Accelerated discovery of nanostructured high-entropy alloys and multicomponent alloys via high-throughput strategies
Changjun Cheng, Yu Zou
Abstract
Nanostructured materials (NsMs) exhibit many interesting and useful properties; yet their grain sizes or phases are generally unstable at elevated temperatures, limiting their process methods and engineering applications. Many emerging alloys, especially high-entropy alloys (HEAs) and related multicomponent alloys, are reported to show enhanced thermal stability and mechanical strength. The identification of mechanically strong and thermally stable multicomponent alloys out of a vast compositional space, however, is a daunting task – many are predominantly developed through sequential and time-consuming trial-and-error approaches. Thus, high-throughput strategies are urgently needed to accelerate the discovery of new and useful nanostructured HEAs (Ns-HEAs).
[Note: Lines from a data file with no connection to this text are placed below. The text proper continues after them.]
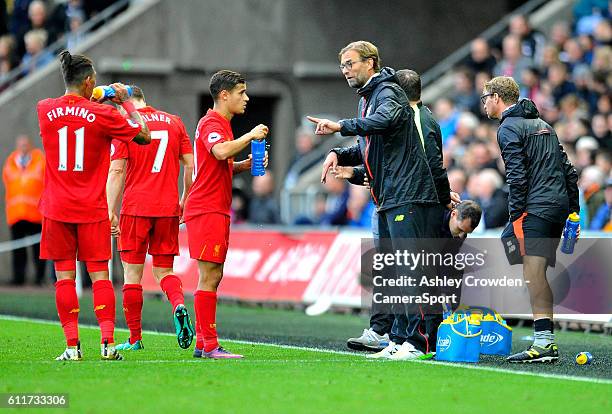 Liverpool manager Jurgen Klopp interacts with Philippe Coutinho during the Premier League match between Swansea City and Liverpool at Liberty Stadium...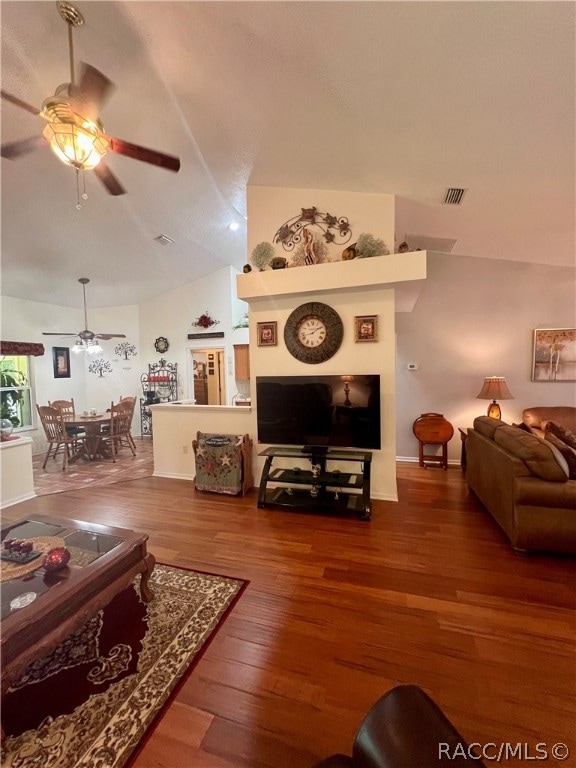 living room with hardwood / wood-style flooring, ceiling fan, and lofted ceiling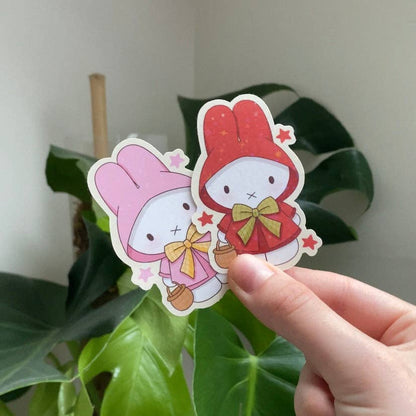 Handheld cartoon bunny sticker with red hood, bow, and small star details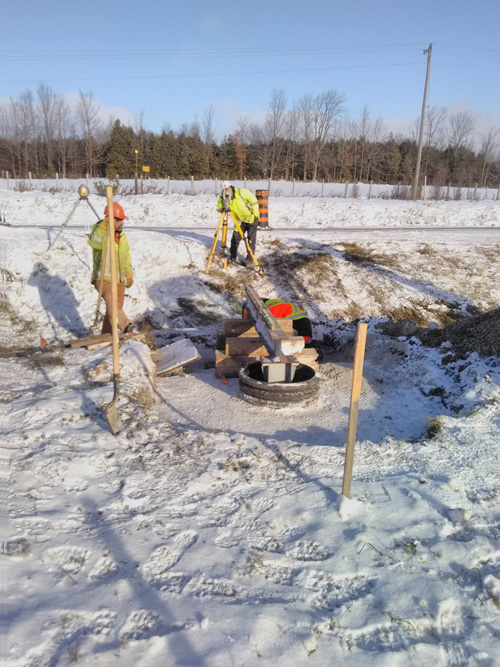 Workers installing a gutter in winter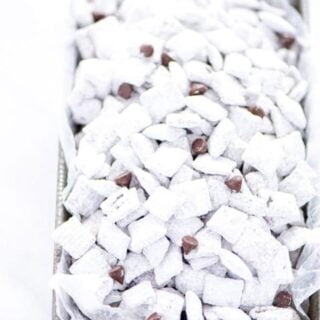 Super simple Gluten Free Puppy Chow - AKA Muddy Buddies is everyone’s favorite sweet snack. You only need a few ingredients to make it - Chex cereal, chocolate chips, butter, vanilla, peanut butter, and powdered sugar. You can even make vegan muddy buddies by using vegan butter and dairy free chocolate chips. This no bake recipe takes less than 15 minutes to make too! The recipe calls for semi-sweet chocolate but you can use milk chocolate or dark chocolate if you prefer.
As the fields of Ns-HEAs and high-throughput methods are developing rapidly, an avenue of research on this topic is to be exploited. This review focuses on the literature on the high-throughput fabrication, characterization, and testing of the microstructures, phases, compositions, mechanical properties, and thermal stabilities of a wide range of Ns-HEAs reported over the past two decades. This article also includes recent high-throughput methods that could be potentially used for the discovery of new Ns-HEAs and related multicomponent alloys, as well as various high-throughput data analysis methods such as theoretical screening, simulation, and machine learning. The article concludes with progress, challenges, and opportunities about the future directions in the accelerated discovery of a wide range of complex alloys via high-throughput methodologies.